Task
Repeat the data that follows in full. Do not include the pictures.

Supplied material
++++

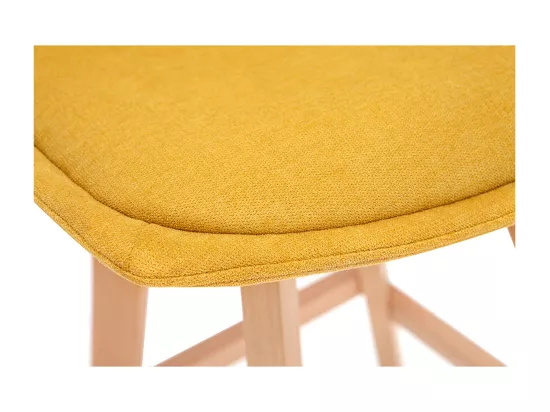 Tabourets de bar scandinaves tissu effet velours jaune moutarde 65 cm (lot de 2) MATILDE
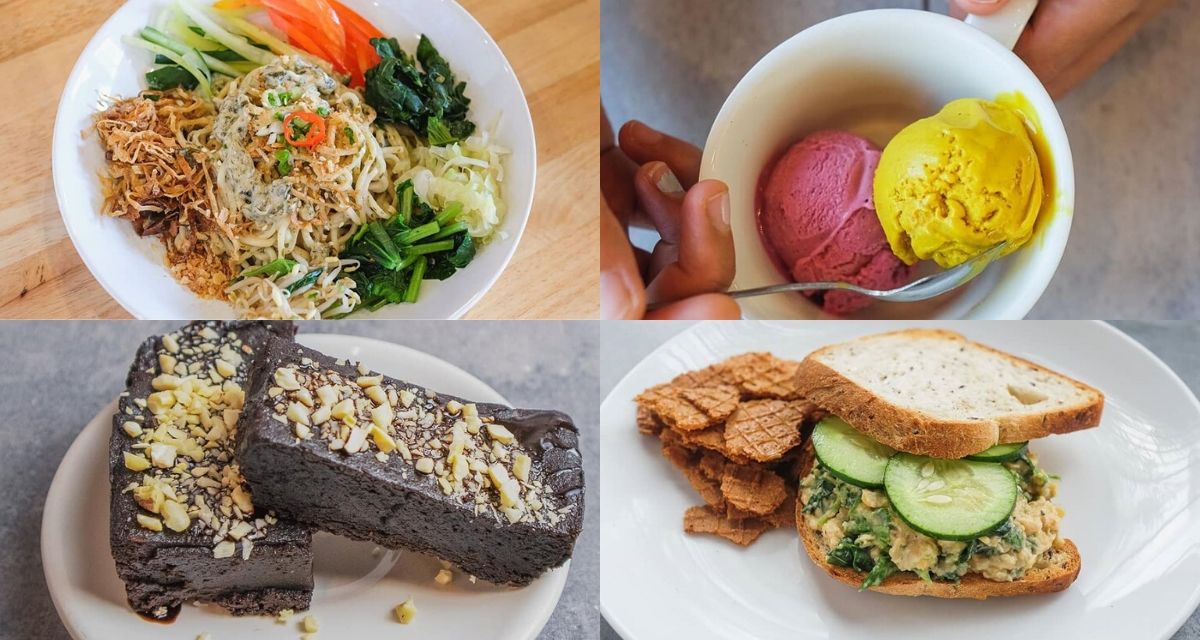 Noodles, gelato, brownies, and plant-based egg sandwiches are some of KooD’s menu offerings. Photos: KooD/Facebook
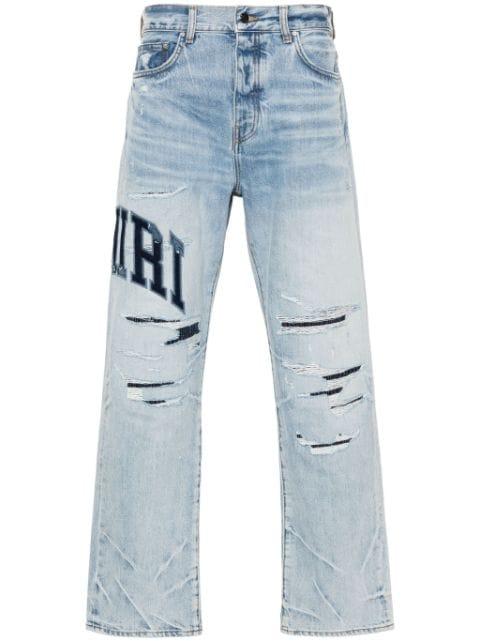Varsity Logo Repair mid-rise straight-leg jeans by AMIRI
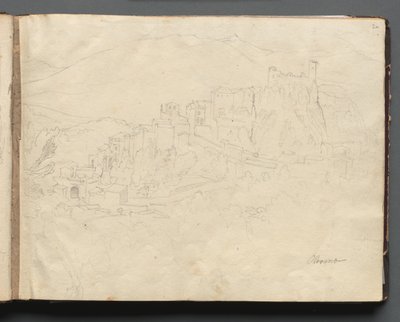 Album met uitzichten van Rome en omgeving, landschapsstudies, pagina 02a: Olevano door Franz Johann Heinrich Nadorp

++++

Solution to the problem
 Tabourets de bar scandinaves tissu effet velours jaune moutarde 65 cm (lot de 2) MATILDE
 Noodles, gelato, brownies, and plant-based egg sandwiches are some of KooD’s menu offerings. Photos: KooD/Facebook
Varsity Logo Repair mid-rise straight-leg jeans by AMIRI
 Album met uitzichten van Rome en omgeving, landschapsstudies, pagina 02a: Olevano door Franz Johann Heinrich Nadorp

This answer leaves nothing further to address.